Apart from that, we can also produce similar colors by randomizing within a certain range. I will add a random function to lightness to adjust the brightness of the colors.
def similar_color_func(word=None, font_size=None,
position=None, orientation=None,
font_path=None, random_state=None):
h = 40 # 0 - 360
s = 100 # 0 - 100
l = random_state.randint(30, 70) # 0 - 100
return "hsl({}, {}%, {}%)".format(h, s, l)
Then, the same as before. Enter the function into the wordcloud function.
wc = WordCloud(stopwords=STOPWORDS, font_path=font_path,
mask=mask, background_color="white",
max_words=2000, max_font_size=256,
random_state=42, width=mask.shape[1],
height=mask.shape[0], color_func=similar_color_func)
wc.generate(article.text)
plt.imshow(wc, interpolation="bilinear")
plt.axis('off')
plt.show()
And the result will be like this.
In addition, we can define many colors that we will use. As an example.
def multi_color_func(word=None, font_size=None,
position=None, orientation=None,
font_path=None, random_state=None):
colors = [[4, 77, 82],
[25, 74, 85],
[82, 43, 84],
[158, 48, 79]]
rand = random_state.randint(0, len(colors) - 1)
return "hsl({}, {}%, {}%)".format(colors[rand][0], colors[rand][1], colors[rand][2])
And add the function into the wordcloud function.
wc = WordCloud(stopwords=STOPWORDS, font_path=font_path,
mask=mask, background_color="white",
max_words=2000, max_font_size=256,
random_state=42, width=mask.shape[1],
height=mask.shape[0], color_func=multi_color_func)
wc.generate(article.text)
plt.imshow(wc, interpolation="bilinear")
plt.axis('off')
plt.show()
And the result be like this.
And last but not least, generate color based on the mask. We will need the functions provided by the wordcloud library.
from wordcloud import ImageColorGenerator
Then add the masking colors and add the function into the wordcloud function.

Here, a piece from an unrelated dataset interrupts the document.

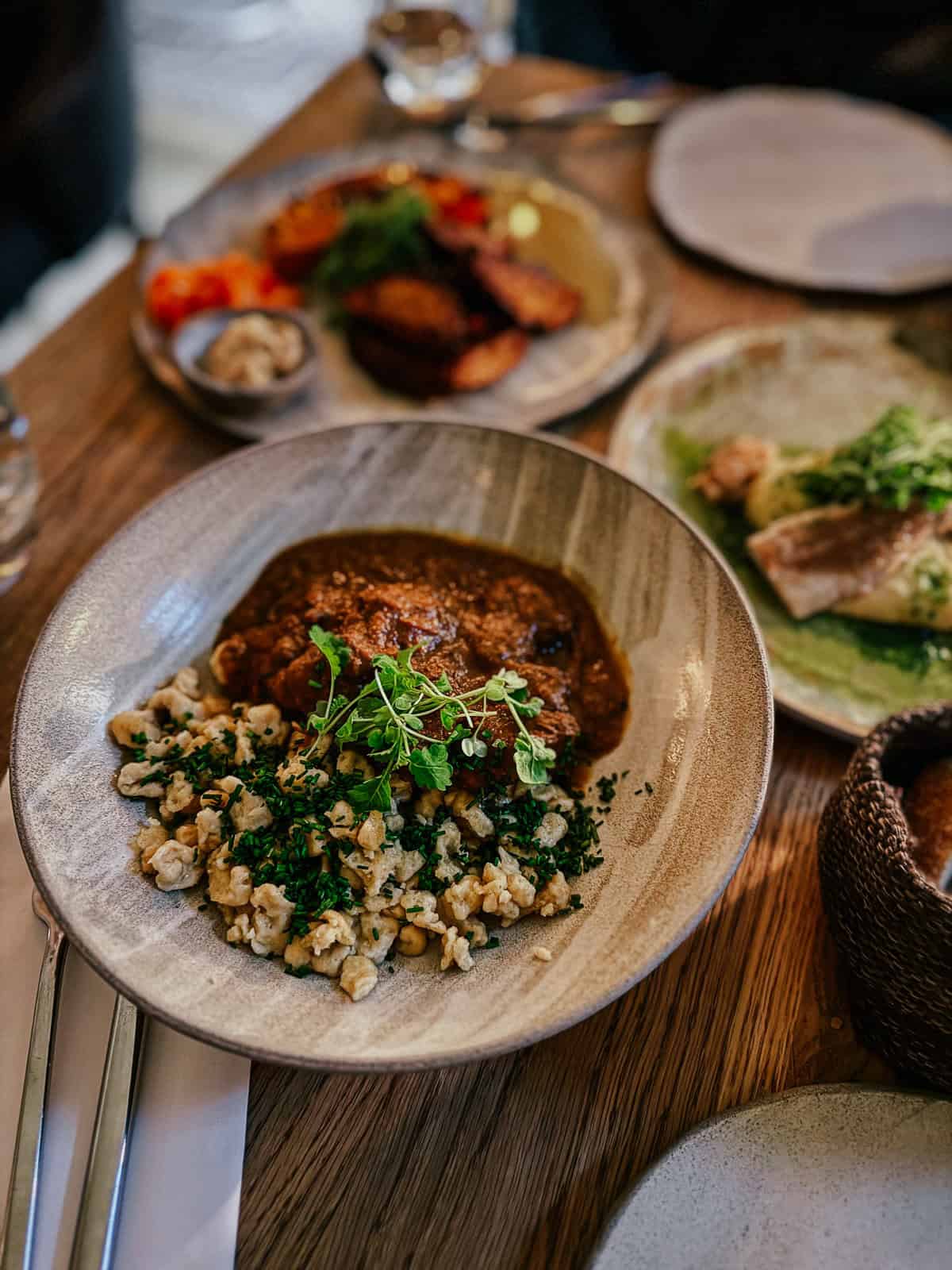 A plate of traditional Hungarian goulash with spaetzle, garnished with fresh herbs, served at a restaurant with other dishes in the background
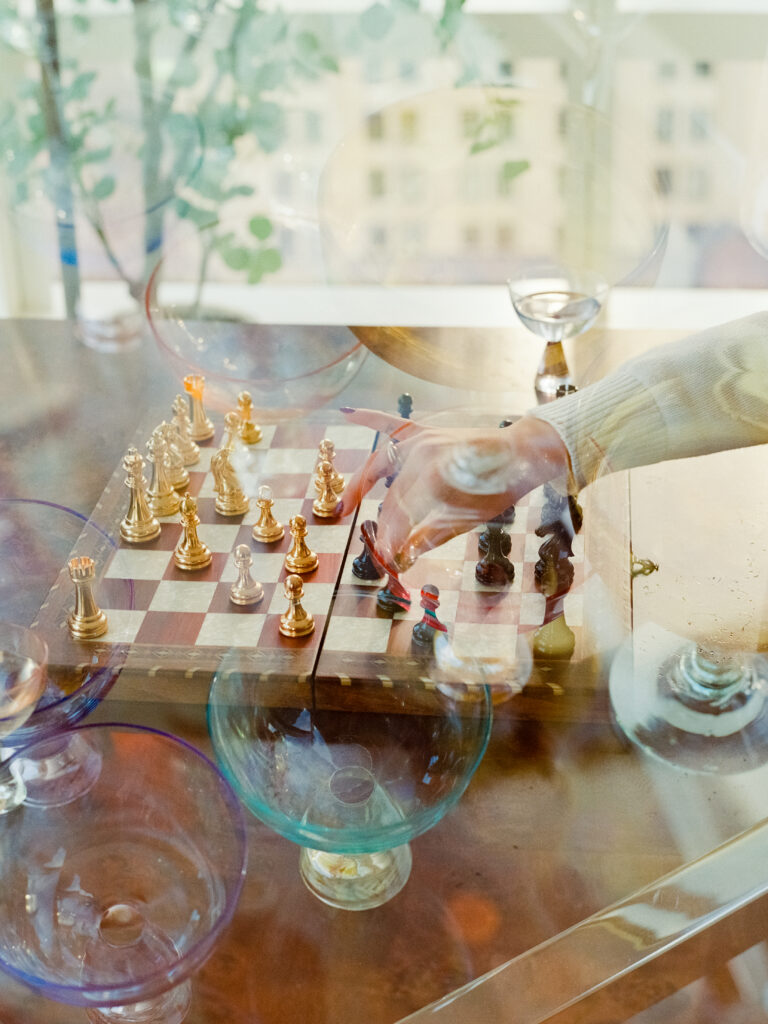 couple playing chess in their apartment during film engagement photos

mask_colors = ImageColorGenerator(mask)
wc = WordCloud(stopwords=STOPWORDS, font_path=font_path,
mask=mask, background_color="white",
max_words=2000, max_font_size=256,
random_state=42, width=mask.shape[1],
height=mask.shape[0], color_func=mask_colors)
wc.generate(article.text)
plt.imshow(wc, interpolation="bilinear")
plt.axis('off')
plt.show()
This is the final result.
As we can see, the color of the word cloud follows the color of the original image.
So for this post, I hope you get new knowledge from what I have said. If you have other opinions, please write in the comments. In the future, I will analyze the usage of this word cloud for text analysis.